— What is being asked —
Filter the data for "Midi" and copy matching lines.

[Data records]
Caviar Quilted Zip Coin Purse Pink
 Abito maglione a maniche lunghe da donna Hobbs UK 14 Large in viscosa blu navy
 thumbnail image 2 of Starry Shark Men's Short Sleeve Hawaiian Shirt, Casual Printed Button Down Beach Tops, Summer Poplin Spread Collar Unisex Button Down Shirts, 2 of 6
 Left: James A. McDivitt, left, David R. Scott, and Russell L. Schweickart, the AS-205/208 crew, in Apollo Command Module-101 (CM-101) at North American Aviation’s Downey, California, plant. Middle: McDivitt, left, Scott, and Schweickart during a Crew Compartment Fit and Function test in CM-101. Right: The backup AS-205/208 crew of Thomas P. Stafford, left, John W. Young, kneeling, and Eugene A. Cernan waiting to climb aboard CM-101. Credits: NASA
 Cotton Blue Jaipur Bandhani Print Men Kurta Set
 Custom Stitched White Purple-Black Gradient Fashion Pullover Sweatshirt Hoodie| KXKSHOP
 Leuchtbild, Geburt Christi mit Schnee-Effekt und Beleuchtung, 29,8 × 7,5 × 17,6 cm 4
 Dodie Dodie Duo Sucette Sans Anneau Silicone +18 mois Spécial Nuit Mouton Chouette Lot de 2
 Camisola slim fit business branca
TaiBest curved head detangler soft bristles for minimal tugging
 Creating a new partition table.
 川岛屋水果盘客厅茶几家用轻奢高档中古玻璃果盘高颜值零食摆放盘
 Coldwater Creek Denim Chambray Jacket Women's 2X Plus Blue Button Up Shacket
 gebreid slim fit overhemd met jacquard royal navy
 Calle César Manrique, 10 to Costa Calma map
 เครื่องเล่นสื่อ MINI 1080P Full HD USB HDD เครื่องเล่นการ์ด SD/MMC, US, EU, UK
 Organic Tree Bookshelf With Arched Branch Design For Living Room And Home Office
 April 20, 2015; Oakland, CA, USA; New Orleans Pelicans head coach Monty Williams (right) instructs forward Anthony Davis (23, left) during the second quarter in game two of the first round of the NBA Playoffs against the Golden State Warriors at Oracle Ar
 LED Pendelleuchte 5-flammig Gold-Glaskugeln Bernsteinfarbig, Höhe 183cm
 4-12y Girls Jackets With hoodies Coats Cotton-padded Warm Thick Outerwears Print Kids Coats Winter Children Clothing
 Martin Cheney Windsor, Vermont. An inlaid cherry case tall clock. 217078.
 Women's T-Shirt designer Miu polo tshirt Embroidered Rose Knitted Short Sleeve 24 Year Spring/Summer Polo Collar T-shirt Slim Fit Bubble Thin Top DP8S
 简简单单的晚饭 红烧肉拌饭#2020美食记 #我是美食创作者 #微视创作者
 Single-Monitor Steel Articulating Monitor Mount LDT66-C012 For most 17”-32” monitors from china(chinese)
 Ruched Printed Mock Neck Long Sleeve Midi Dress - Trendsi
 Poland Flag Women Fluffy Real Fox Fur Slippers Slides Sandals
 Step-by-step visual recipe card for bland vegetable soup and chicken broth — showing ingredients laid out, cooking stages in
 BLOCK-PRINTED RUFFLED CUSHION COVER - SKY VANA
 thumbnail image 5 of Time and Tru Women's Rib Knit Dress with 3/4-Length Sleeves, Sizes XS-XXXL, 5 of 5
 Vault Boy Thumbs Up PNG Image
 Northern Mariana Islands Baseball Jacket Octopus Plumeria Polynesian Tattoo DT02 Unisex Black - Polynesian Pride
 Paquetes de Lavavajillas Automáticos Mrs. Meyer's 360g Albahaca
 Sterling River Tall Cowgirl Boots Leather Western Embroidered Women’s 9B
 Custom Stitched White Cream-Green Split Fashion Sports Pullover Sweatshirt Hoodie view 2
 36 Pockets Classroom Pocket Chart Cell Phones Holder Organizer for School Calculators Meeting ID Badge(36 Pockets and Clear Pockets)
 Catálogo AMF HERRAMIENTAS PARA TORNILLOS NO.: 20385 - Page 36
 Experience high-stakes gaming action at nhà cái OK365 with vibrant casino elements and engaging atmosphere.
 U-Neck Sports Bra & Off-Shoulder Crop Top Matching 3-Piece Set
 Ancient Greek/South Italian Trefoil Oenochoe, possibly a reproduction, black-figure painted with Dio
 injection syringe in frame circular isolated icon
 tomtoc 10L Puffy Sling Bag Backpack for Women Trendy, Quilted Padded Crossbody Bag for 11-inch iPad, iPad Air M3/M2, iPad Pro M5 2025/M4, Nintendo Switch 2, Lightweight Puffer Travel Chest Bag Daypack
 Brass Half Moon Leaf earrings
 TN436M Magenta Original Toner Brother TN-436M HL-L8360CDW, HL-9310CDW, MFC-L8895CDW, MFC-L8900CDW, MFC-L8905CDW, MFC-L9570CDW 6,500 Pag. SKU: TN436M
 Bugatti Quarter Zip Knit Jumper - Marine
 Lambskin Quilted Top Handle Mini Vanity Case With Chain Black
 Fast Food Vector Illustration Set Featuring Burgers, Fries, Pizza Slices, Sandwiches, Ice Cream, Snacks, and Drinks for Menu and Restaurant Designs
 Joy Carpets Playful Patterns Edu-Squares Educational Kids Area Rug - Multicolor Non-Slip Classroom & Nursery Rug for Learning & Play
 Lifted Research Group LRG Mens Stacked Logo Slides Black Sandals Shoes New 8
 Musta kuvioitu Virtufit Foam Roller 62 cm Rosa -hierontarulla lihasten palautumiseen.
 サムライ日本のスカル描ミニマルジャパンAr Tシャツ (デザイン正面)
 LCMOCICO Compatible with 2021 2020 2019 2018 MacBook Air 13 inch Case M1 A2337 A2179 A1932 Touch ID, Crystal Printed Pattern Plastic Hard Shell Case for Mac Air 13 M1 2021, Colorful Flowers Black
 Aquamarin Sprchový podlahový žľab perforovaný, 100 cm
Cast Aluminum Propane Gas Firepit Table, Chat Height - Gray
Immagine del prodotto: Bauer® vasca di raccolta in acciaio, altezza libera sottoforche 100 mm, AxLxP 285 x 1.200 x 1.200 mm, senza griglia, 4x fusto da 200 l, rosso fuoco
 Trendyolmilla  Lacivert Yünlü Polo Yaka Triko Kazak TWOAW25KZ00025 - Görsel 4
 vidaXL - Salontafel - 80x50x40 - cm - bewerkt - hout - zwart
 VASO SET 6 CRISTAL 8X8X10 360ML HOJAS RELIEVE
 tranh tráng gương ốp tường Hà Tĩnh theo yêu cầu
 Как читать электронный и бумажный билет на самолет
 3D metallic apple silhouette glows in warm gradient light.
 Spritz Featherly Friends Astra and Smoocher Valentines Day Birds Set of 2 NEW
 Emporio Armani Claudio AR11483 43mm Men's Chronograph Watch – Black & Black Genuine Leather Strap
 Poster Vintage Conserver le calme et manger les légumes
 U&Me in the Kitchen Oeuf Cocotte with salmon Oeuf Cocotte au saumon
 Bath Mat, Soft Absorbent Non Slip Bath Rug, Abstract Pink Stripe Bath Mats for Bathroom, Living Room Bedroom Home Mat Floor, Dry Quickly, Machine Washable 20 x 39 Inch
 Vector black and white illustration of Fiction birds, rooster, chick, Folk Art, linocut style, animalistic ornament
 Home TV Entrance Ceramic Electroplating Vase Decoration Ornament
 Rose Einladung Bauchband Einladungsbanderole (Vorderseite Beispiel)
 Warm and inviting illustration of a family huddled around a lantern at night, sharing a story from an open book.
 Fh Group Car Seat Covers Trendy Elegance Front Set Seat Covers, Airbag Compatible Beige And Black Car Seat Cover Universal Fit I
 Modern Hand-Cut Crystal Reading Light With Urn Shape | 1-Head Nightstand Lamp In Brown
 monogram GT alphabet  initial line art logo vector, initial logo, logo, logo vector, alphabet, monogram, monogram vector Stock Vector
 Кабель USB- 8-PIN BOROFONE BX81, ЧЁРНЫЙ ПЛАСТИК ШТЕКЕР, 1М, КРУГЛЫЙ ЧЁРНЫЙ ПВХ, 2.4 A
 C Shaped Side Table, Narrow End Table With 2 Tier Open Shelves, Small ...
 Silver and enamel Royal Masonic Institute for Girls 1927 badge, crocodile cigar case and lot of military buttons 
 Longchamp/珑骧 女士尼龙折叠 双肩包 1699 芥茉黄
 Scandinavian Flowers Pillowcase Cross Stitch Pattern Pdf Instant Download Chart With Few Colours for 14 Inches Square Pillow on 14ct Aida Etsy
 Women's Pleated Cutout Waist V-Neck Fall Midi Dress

— The answer —
 Ruched Printed Mock Neck Long Sleeve Midi Dress - Trendsi
 Women's Pleated Cutout Waist V-Neck Fall Midi Dress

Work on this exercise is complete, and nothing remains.